# Turtle Fattie



## erodinamik (Nov 13, 2010)

I got this in a email and had to share...

"Now that the seafood industry is on hold in south LA, Cajun's are having to adjust their cuisine.








Handmade ground beef patties, topped with sharp cheddar cheese, wrapped in bacon weave, then the next step, add hot dogs as the heads, legs with slits for toes and tail."

They go on to mention something silly like putting them in the oven, so I left that part out.  Thought these sounded delicious and hilarious!  Definitely going to try these out.


----------



## adiochiro3 (Nov 13, 2010)

yep.  heart attack in the smoker! LOL


----------



## brekar (Nov 13, 2010)

LOL. Damn. When I seen this title I thought "Cool someone actually caught and cleaned a turtle, then stuffed it into a fattie". Either way this is cool looking. But I still wanted to see the other


----------



## wntrlnd (Nov 13, 2010)

I love everything about those turtles!

If I attended a party and the host presented some turtles like that, I'd be very impressed!

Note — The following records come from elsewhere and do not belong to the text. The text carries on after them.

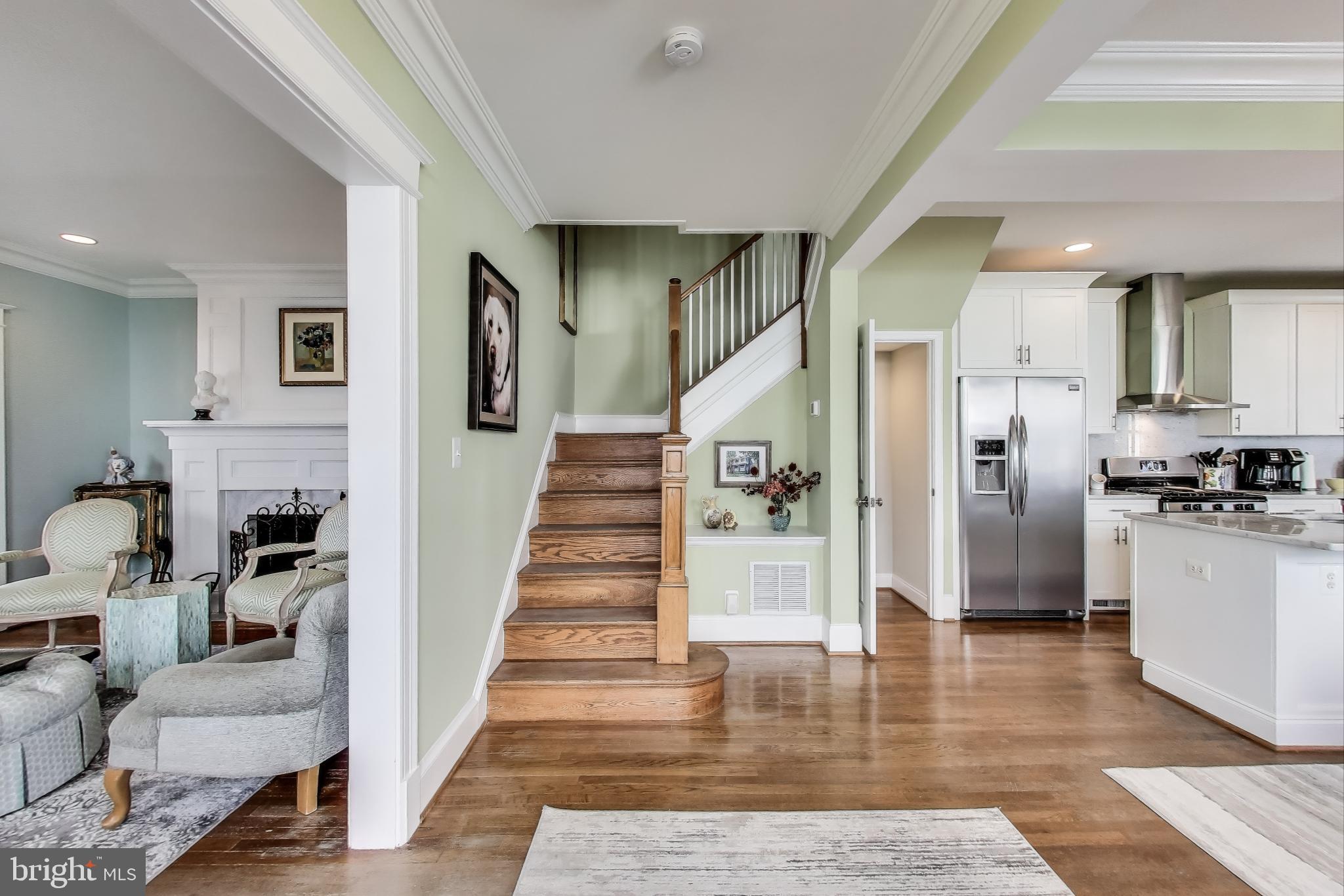 5708 4th Street Northwest Washington, DC 20011 - Photo 5 of 53 a view of a kitchen with furniture and wooden floor
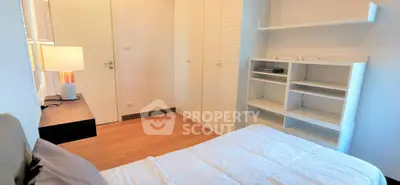 Cozy bedroom with built-in wardrobe and modern decor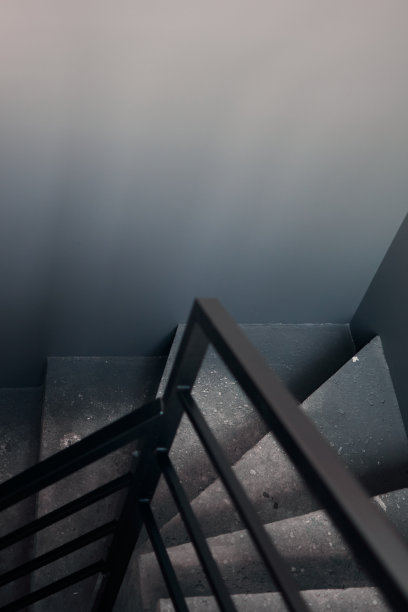 黑色石墙角落背景上的螺旋楼梯的特写。黑色大厅内部粗糙的混凝土楼梯与黑色钢扶手。简约的室内设计。图片下载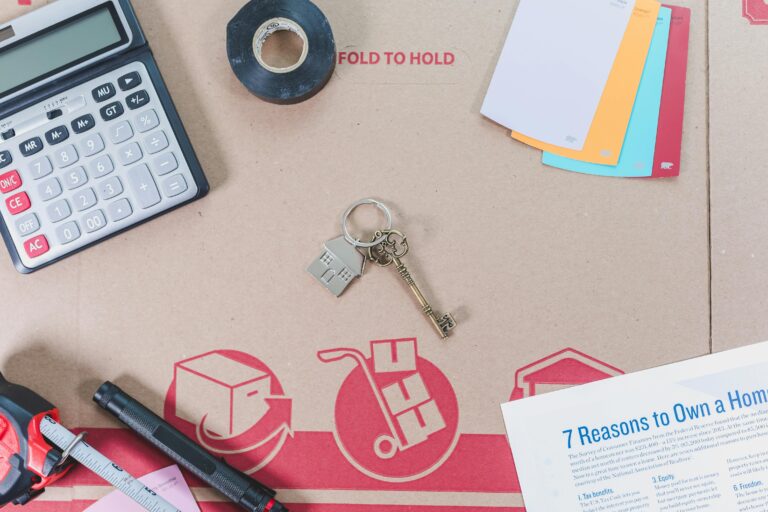 Flat lay of home buying essentials with calculator, keys, tape, and color swatches.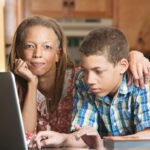 Woman and teenager looking at the computer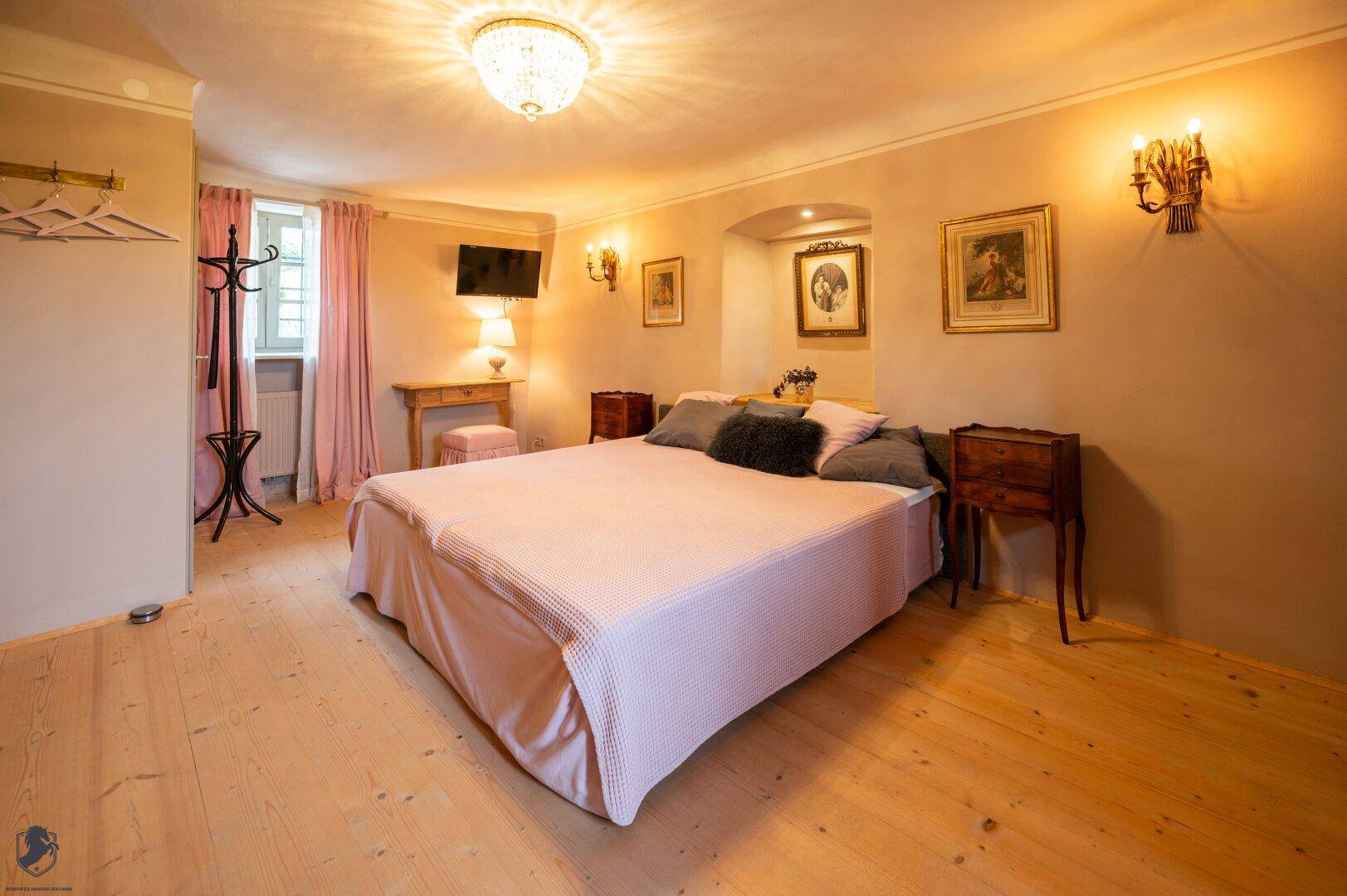 Schlafzimmer mit großem Bett, rosa Tagesdecke und hellem Holzplankenboden.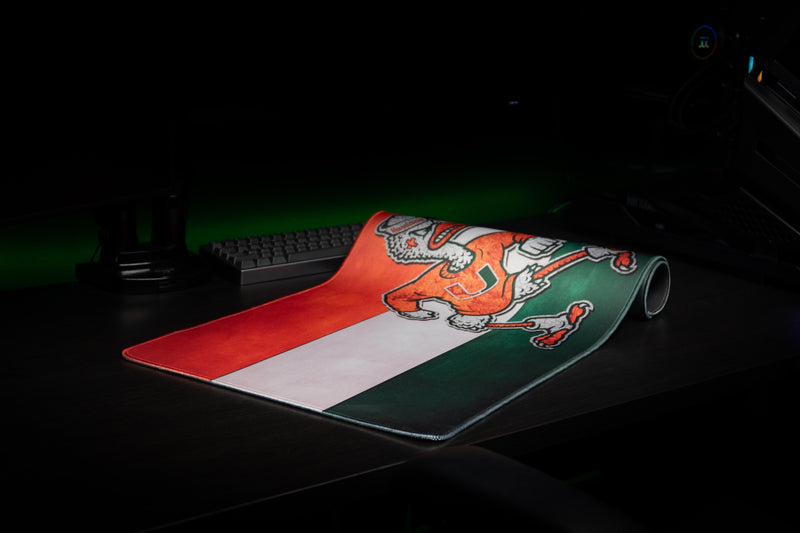 University of Miami Sebastian Pride deskmat partially rolled deskmat showing Sebastian and the striped print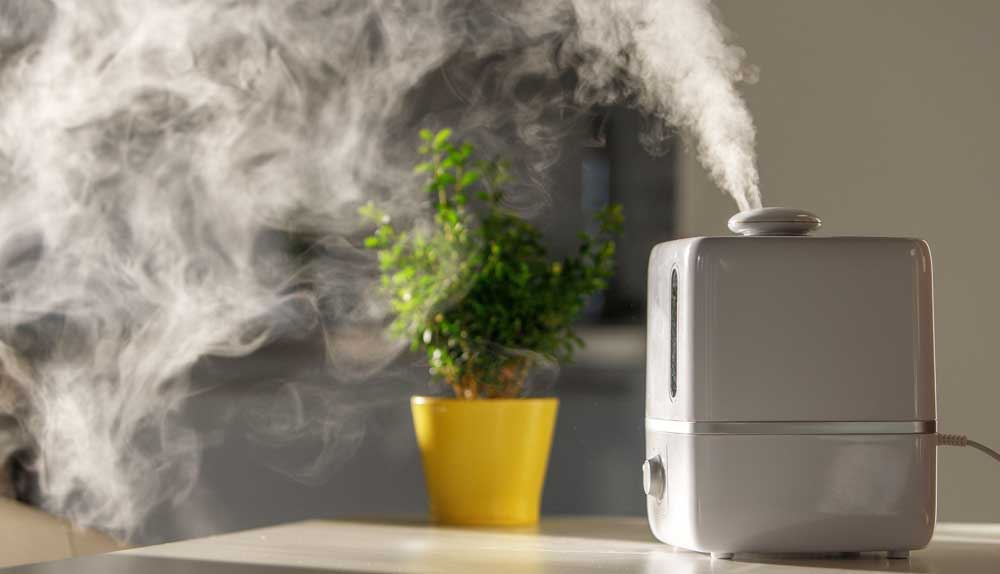 humidifier on table with steam coming out 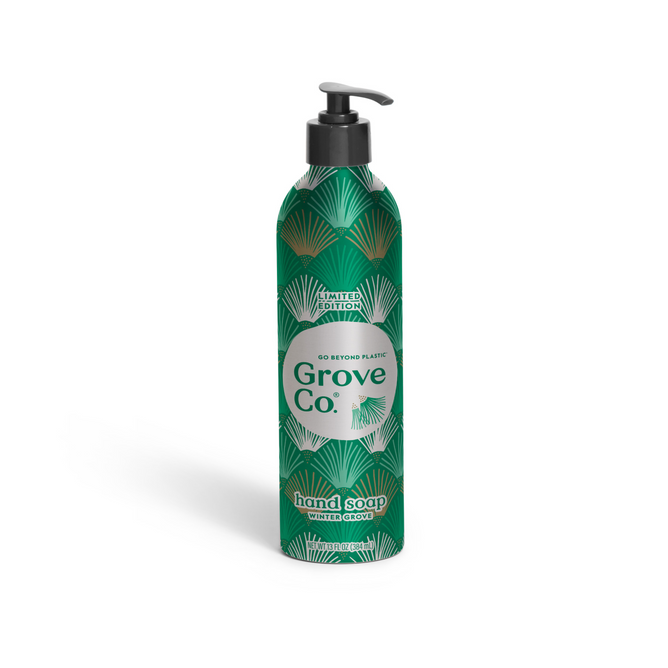A green Grove Co. Hand Soap Refill + Pump from the Winter Collection, featuring a white and green leaf design, labeled “Go Beyond Plastic” and “Winter Grove” on the front.
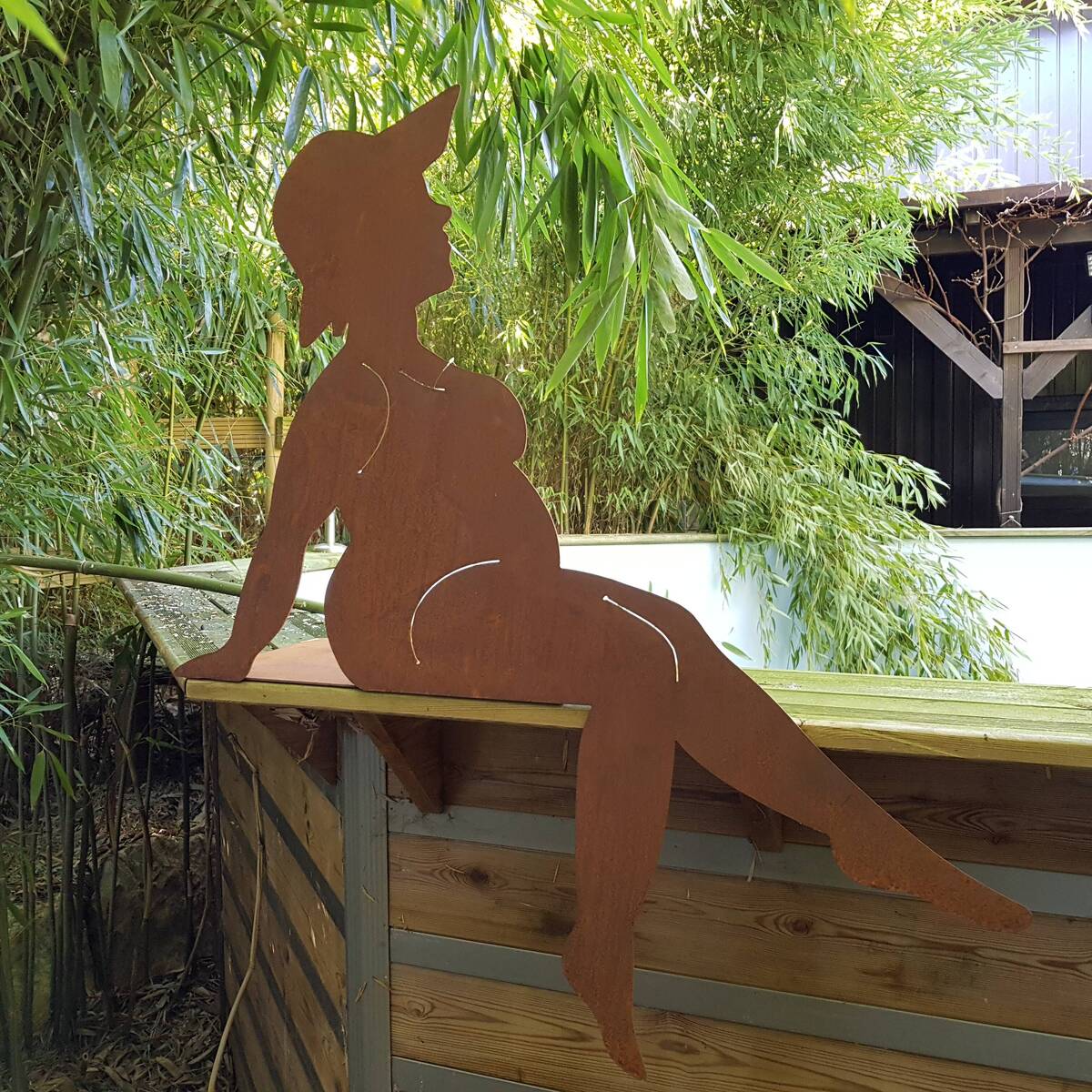 Baigneuse en fer rouillé, H.100 cm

Very creative!  Thanks for sharing the photos!


----------



## caveman (Nov 13, 2010)

Hmmmmmm.........Beef, Bacon, Cheese, Dogs.  Let me get my doctor on the phone.  Those were creative.


----------



## patman (Jan 30, 2012)

My 7 year old would love it! We also have a pet turtle so my 3 yr old might freak out


----------



## chef jimmyj (Jan 31, 2012)

That is hilarious and creative...I wish I saw this 10 years ago when my girls were little, they would have loved these...I had to carve Apples in to Swans for months, years ago because they thought they were, "so Pretty"...JJ


----------



## SmokinAl (Jan 31, 2012)

Very creative!!


----------